The OTel Collector is THE integration point. Tumult speaks OTLP only — it does not integrate directly with Jaeger, Prometheus, Loki, or any other backend. The Collector receives OTLP and routes (fans out) to all configured backends.

This means:

  • Tumult has exactly one export dependency: OTLP
  • Adding a new backend (Grafana Tempo, Elastic APM, Datadog) is a Collector config change, not a Tumult code change
  • The Collector handles sampling, batching, retry, and back-pressure

Local Analytics: DuckDB + Parquet

For local analysis without a full observability stack, journals are stored in DuckDB (embedded, zero-dependency) and exported as Parquet files for portability.
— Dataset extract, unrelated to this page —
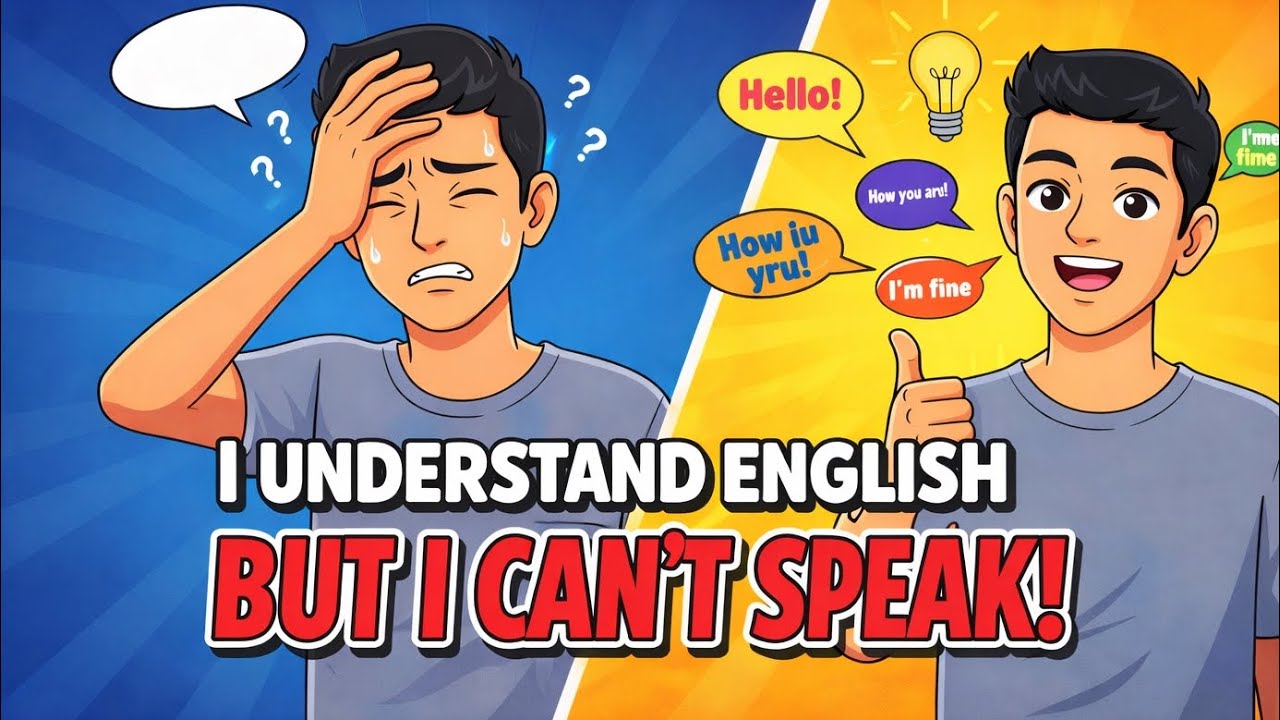 I Understand English But Can't Speak? 4 Min Fix! 🗣️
journal.toon ──> tumult-report ──> DuckDB (embedded)
                                       │
                                       ├──> SQL queries (interactive)
                                       └──> Parquet export (share/archive)

DuckDB is chosen because:

  • Embedded — no server process, no network, no setup
  • Columnar — efficient for analytical queries over experiment metrics
  • Parquet-native — reads and writes Parquet directly
  • SQL — familiar query language for ad-hoc analysis

Example SQL Queries Against Journals

Recovery time trend over last 30 days

SELECT
    experiment_title,
    DATE_TRUNC('day', started_at) AS run_date,
    AVG(recovery_duration_s) AS avg_recovery_s,
    MIN(recovery_duration_s) AS best_recovery_s,
    MAX(recovery_duration_s) AS worst_recovery_s,
    COUNT(*) AS run_count
FROM journals
WHERE started_at > CURRENT_TIMESTAMP - INTERVAL '30 days'
GROUP BY experiment_title, run_date
ORDER BY experiment_title, run_date;

Estimate accuracy by team

SELECT
    tags->>'team' AS team,
    COUNT(*) AS experiments,
    AVG(CASE WHEN estimate_outcome = actual_outcome THEN 1.0 ELSE 0.0 END) AS outcome_accuracy,
    AVG(ABS(estimate_recovery_s - actual_recovery_s)) AS avg_recovery_error_s,
    AVG(estimate_confidence) AS avg_confidence
FROM journals
WHERE estimate_outcome IS NOT NULL
GROUP BY tags->>'team'
ORDER BY outcome_accuracy DESC;
WITH ranked AS (
    SELECT
        target_system,
        started_at,
        recovery_duration_s,
        LAG(recovery_duration_s) OVER (
            PARTITION BY target_system ORDER BY started_at
        ) AS prev_recovery_s
    FROM journals
    WHERE status = 'completed' AND recovery_duration_s IS NOT NULL
)
SELECT
    target_system,
    COUNT(*) AS runs,
    AVG(recovery_duration_s - prev_recovery_s) AS avg_delta_s,
    CASE
        WHEN AVG(recovery_duration_s - prev_recovery_s) > 5.0 THEN 'DEGRADING'
        WHEN AVG(recovery_duration_s - prev_recovery_s) < -5.0 THEN 'IMPROVING'
        ELSE 'STABLE'
    END AS trend
FROM ranked
WHERE prev_recovery_s IS NOT NULL
GROUP BY target_system
ORDER BY avg_delta_s DESC;

Experiments with worst estimate-vs-actual deviation

SELECT
    experiment_title,
    started_at,
    estimate_outcome,
    actual_outcome,
    estimate_recovery_s,
    recovery_duration_s AS actual_recovery_s,
    ABS(estimate_recovery_s - recovery_duration_s) AS recovery_error_s,
    estimate_confidence
FROM journals
WHERE estimate_outcome IS NOT NULL
    AND estimate_outcome != actual_outcome
ORDER BY recovery_error_s DESC
LIMIT 20;

Attribute Namespace Summary

All resilience testing attributes live under the resilience.* namespace:

Prefix Phase Purpose
resilience.estimate.* 0 Operator predictions before experiment
resilience.baseline.* 1 Statistical baseline before fault
resilience.during.* 2 Observations under active fault
resilience.post.* 3 Recovery measurements after rollback
resilience.analysis.* 4 Cross-run analysis and scoring

The tumult.* namespace is reserved for engine-level instrumentation (see the design doc for the full attribute list). The resilience.* namespace is the domain-level data model for the experiment lifecycle.


Tumult is open source under the Apache-2.0 license.